## Your objective
Among the lines of the listing below, retype exactly those from the one containing "Proactive video showing" through the one containing "VIOLK All-Metal Wireless", both included. Do not include pictures.

## Source material
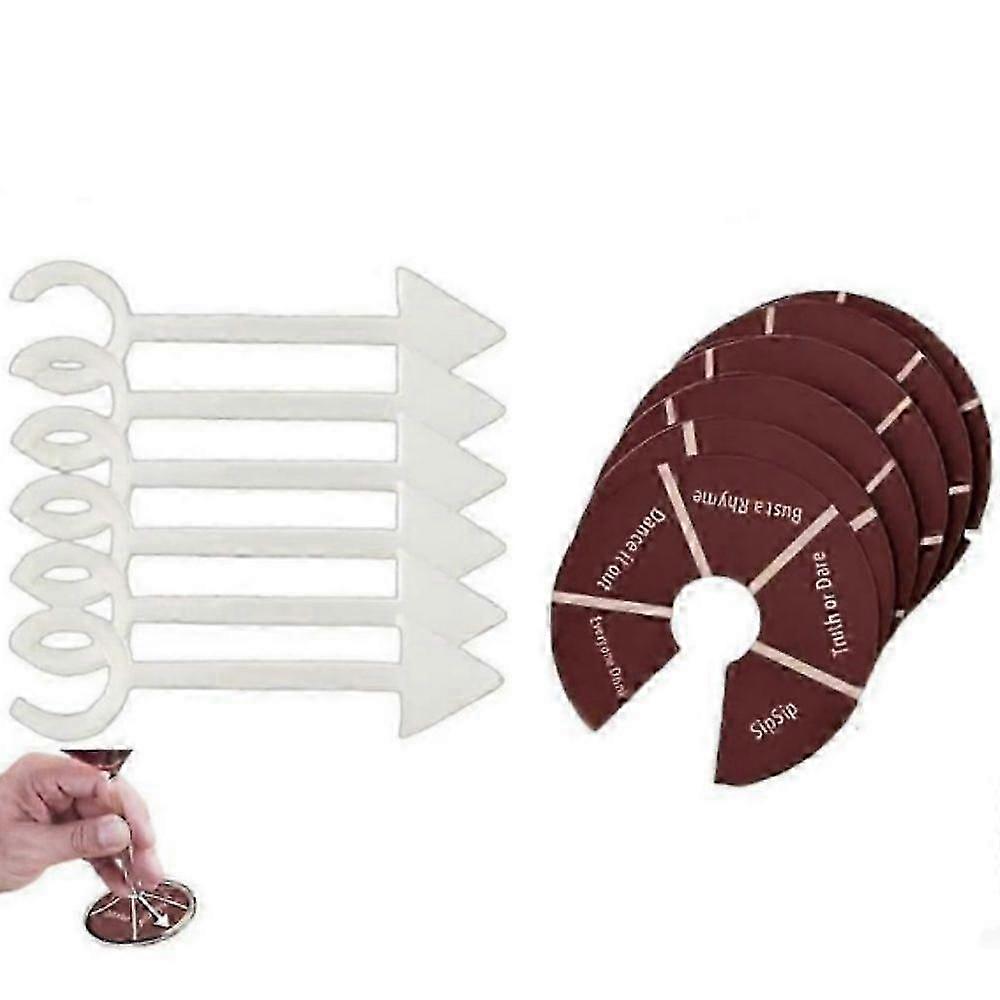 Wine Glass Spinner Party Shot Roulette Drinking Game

==

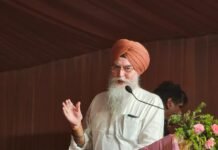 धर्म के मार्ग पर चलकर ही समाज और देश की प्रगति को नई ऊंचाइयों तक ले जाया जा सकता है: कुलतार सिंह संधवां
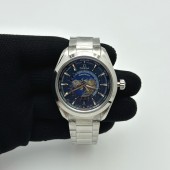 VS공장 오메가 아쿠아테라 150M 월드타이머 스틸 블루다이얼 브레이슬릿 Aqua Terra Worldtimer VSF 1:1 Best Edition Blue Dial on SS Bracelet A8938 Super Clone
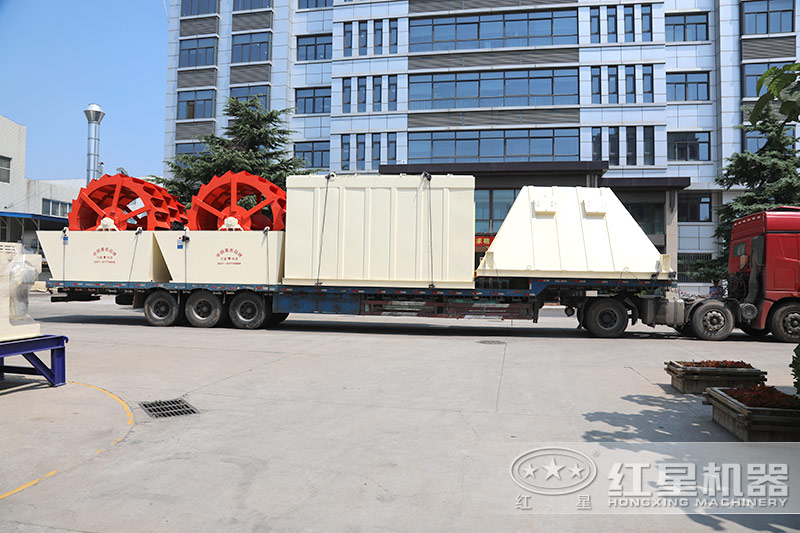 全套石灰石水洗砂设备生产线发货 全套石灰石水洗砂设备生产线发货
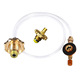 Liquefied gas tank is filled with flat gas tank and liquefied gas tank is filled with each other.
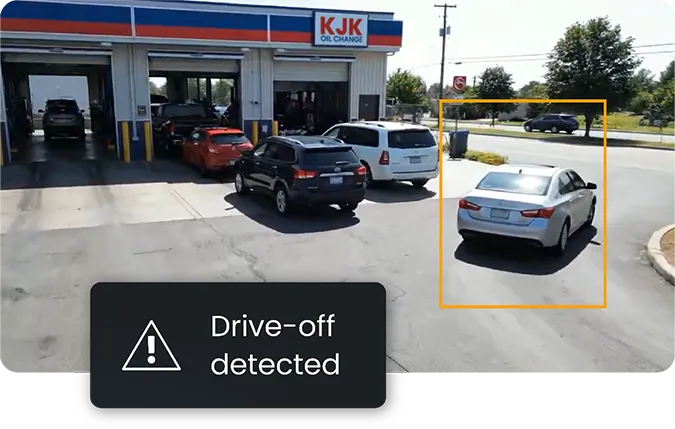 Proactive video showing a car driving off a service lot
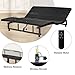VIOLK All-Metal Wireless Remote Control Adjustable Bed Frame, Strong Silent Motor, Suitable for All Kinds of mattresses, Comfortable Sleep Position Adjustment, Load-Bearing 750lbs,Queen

## Task result
 Proactive video showing a car driving off a service lot
VIOLK All-Metal Wireless Remote Control Adjustable Bed Frame, Strong Silent Motor, Suitable for All Kinds of mattresses, Comfortable Sleep Position Adjustment, Load-Bearing 750lbs,Queen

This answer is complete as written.